Bluebells at mid-day | ICM

Bluebells lend themselves to ICM photography, which I have discussed in previous posts, and many of us will have images in our collections of vertical pans emphasising the tree trunks and flowers, I am no exception. To soften these images like to wiggle the camera a little as I pan, or hld it still for a moment, focusing in on a flower or leaf to try and capture elements in focus within the motion. AlthoghI do own a ND filter I rarely fit it to the camera and I take most images quickly at around 1/10 – 1/5 sec. Lately, as in the image in the first paragraph, I have been experimenting with very subtle rolling motions, pushing the camera gently in a circular movement away fom me, in an attempt to capture the scene ad the light in an impressionist way.

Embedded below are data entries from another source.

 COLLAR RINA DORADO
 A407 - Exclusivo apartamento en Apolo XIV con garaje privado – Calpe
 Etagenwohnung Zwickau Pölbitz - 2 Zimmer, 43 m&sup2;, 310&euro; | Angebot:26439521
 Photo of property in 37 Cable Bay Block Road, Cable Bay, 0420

Very subtly adjusting the focus during a shot can also create delicate blurring that can give a dreamy quality to the image.

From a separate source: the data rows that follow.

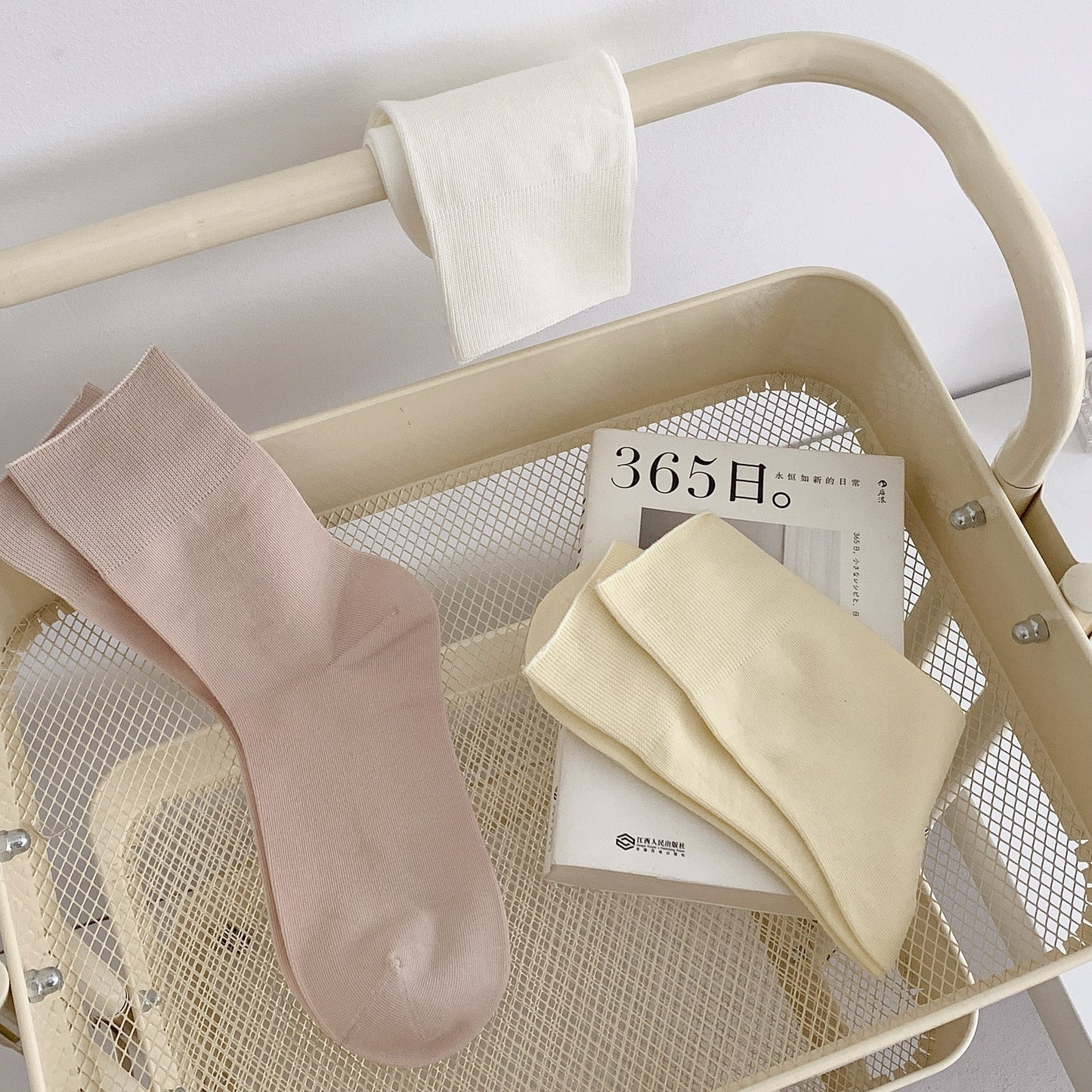 Seamless Cotton Crew Socks for Women | Loose Top Everyday Socks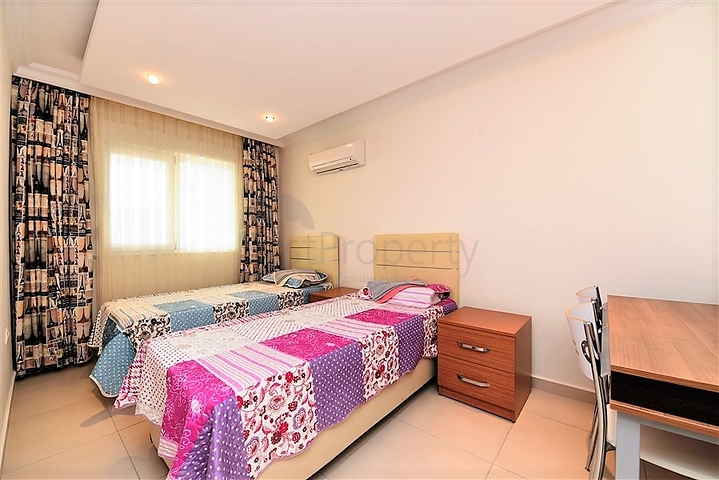 Two-bedroom apartment for rent in Avsallar district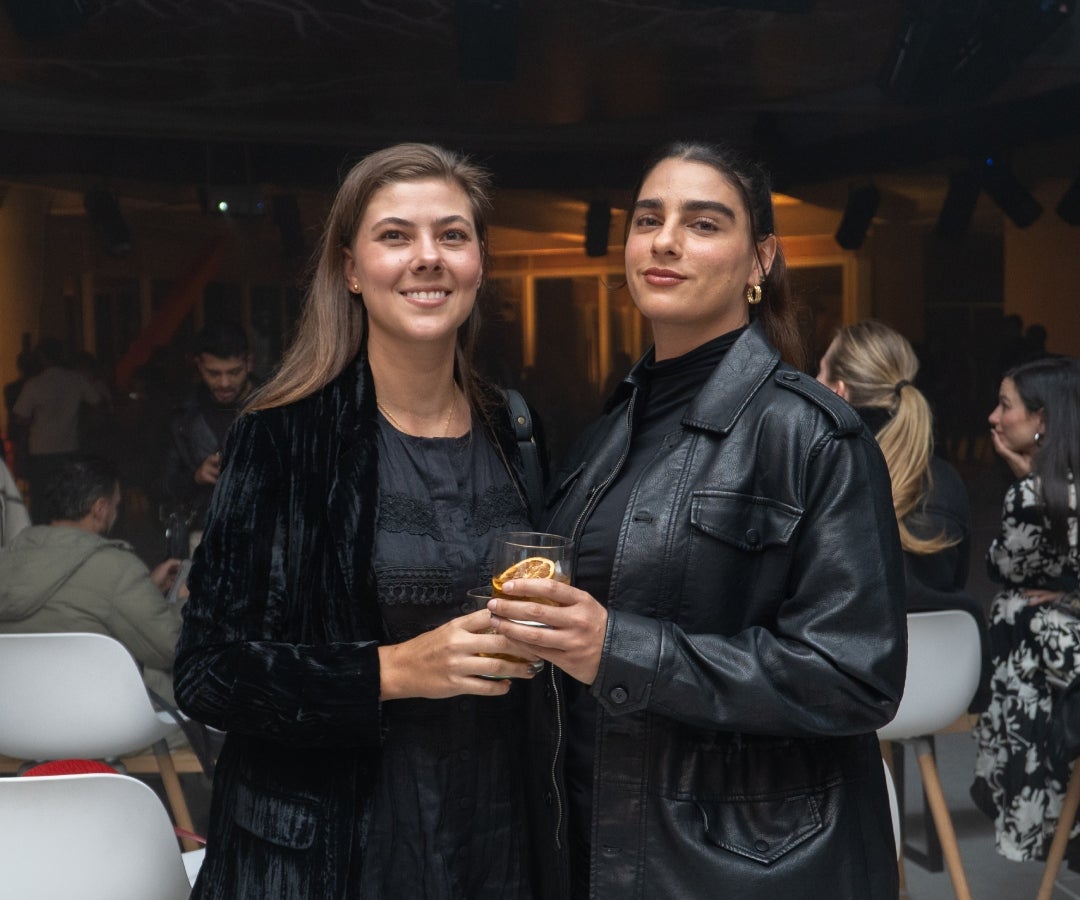 Antonia Isaza, directora de Marketing en Waimari Resortwear; y Paulina Aguel Merheg, arquitecta y empresaria.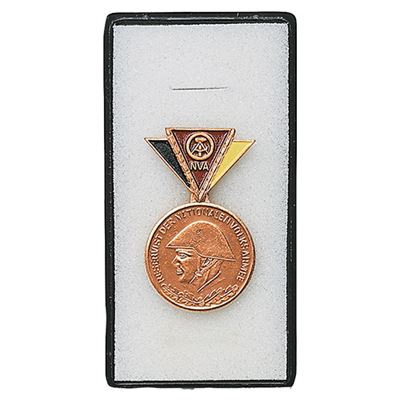 Médaille de distinction NVA RESEVISTENABZEICHEN BRONZOVÉ
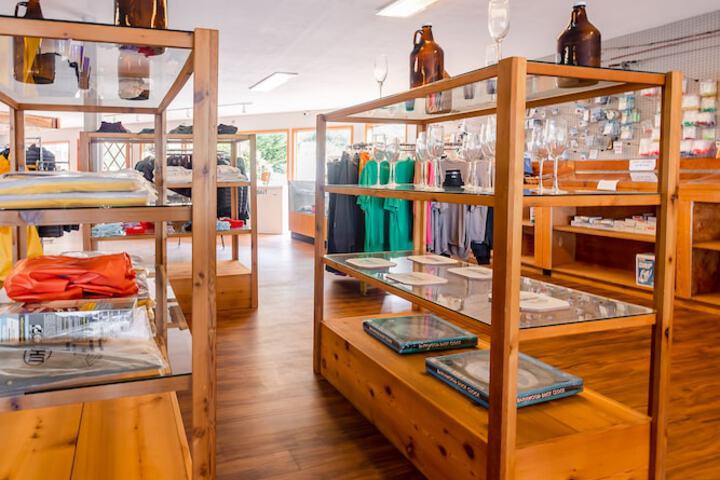 Gift Shop 104 of 130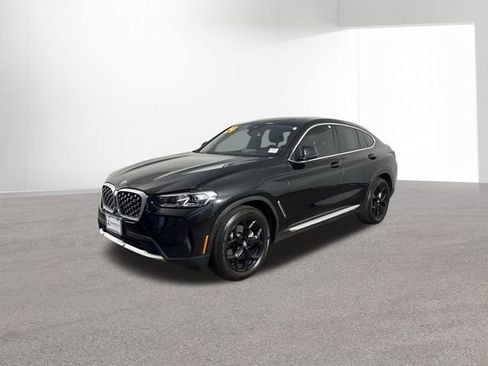 Used 2024 BMW X4 xDrive30i w/ Parking Assistance Package image 24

jo stephen photography icm creative nature
Bluebells in evening woods | ICM composite

When composing an image, I will often look for pools of light, strong contrasts in the landscape that will lend themselves to panning, or dark scenes with small areas of light, as you can “draw” with these as you move the camera. I’m drawn to the woods in the late afternoon as the shadows and last pols of light on the bluebells are perfect for isolating them from the darkess of the trees and capturing images like the one below. When I began ICM photography, many years ago, I would use a lot of large sweeping movements, which I imagine would suit seascapes and wide open landscapes better, I am learning that small sublte and delicate movements create images that convey my communion with the woodland.

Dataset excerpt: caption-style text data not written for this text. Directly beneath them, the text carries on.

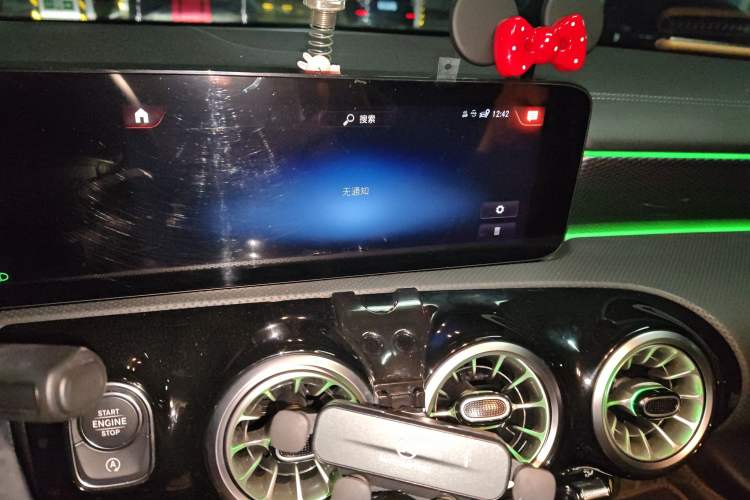 Used Mercedes-Benz A-Class 2022 Second Facelift A 200 L Sport Sedan Fashion Version
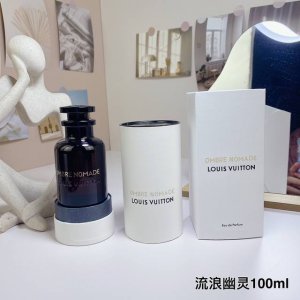 高端品质 Lv香水Ombre Nomade孤影 流浪幽灵100Ml 主要香原料：沉香 乌木 主香调：安息香，玫瑰天竺葵，黑焚香 关键词：游离光与影之间，结合珍贵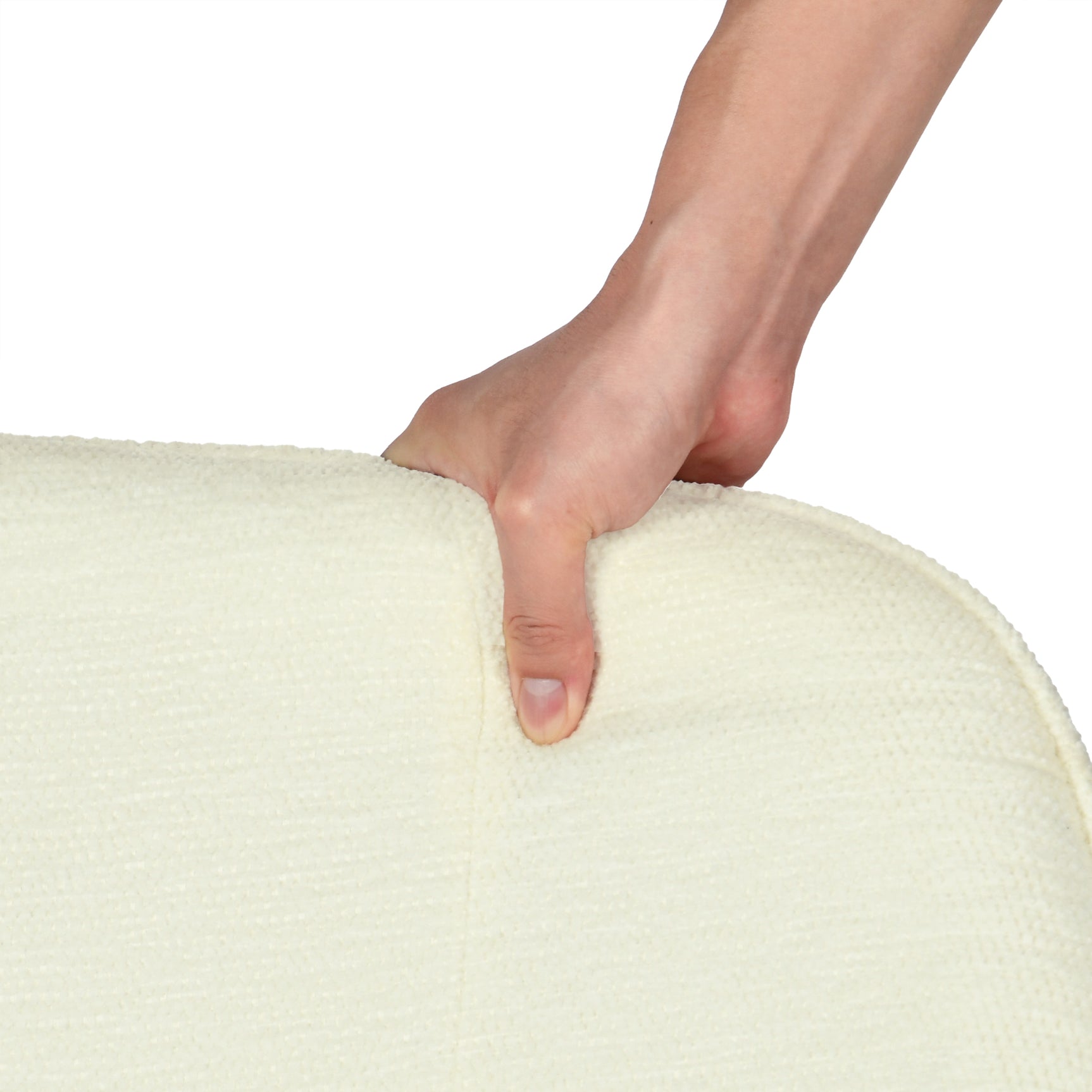 Fauteuil scandinave relax en tissu chenille crème avec accoudoirs et pieds en bois âââââââ€?MARRIAM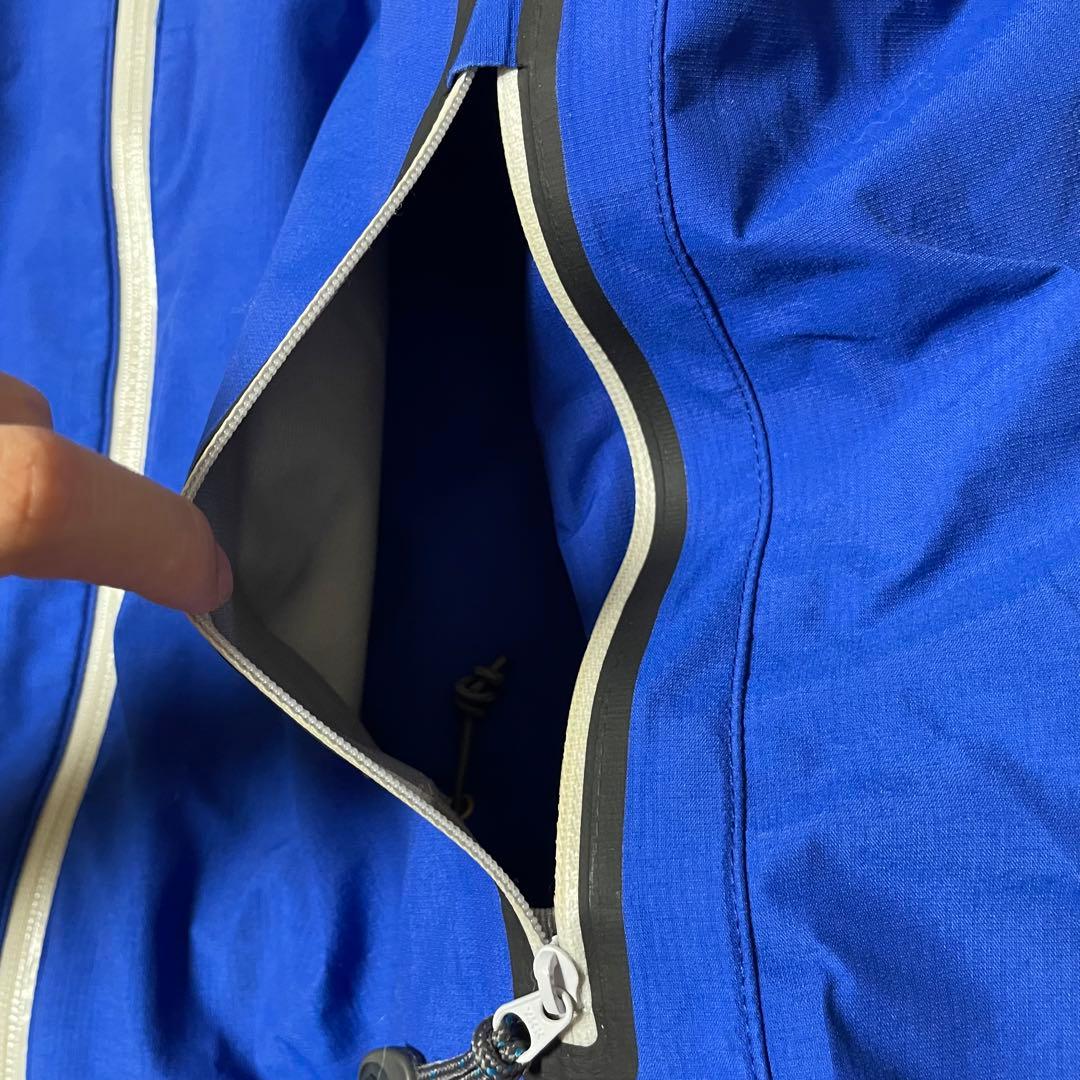 ちょび　mont-bell モンベル ストームジャケット　1102426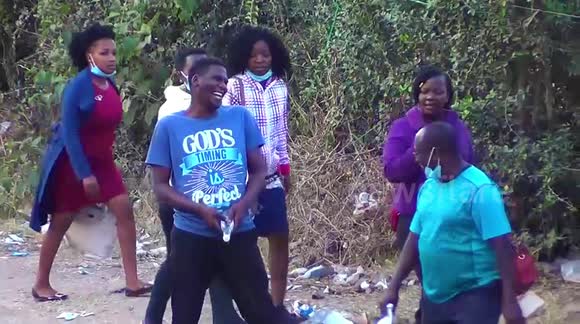 Tricksters hilariously prank Nairobi Locals by peeing in public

Bluebells in late evening light | ICM

My post processing will usually involve the removal of hundreds of dust spots (I do use a very old camera) and then I like to play. I will usually work out the colour and tonal adjustments I wish to make in Lightroom and then create a preset, this way if I wish to combine images later I can do so and they will harmonise. Playing with the contrast and shadows will exaggerate the scene and separate the lights and darks drawing light patches of flowers or pools of light out. I often reduce the yellow in an image, favouring cooler blue tones, and play with split-toning and with the colour grading. Compositing, when I do it, is done in Photoshop, using the layer blending tools as a starting point, but this could also be done in opensource software.

I hope you may have found something useful in the words above, ad more importantly wish you may happy wanders through our beautiful woodlands. As ever be mindful to enjoy the countryside and photography without damaging our delicate woodland flora and please stick to the paths.

Spring woods

Most of these images are available to purchase as prints and cards via the shop tab above.

*Disclaimer – I have dyslexia, apologies for my spelling mistakes.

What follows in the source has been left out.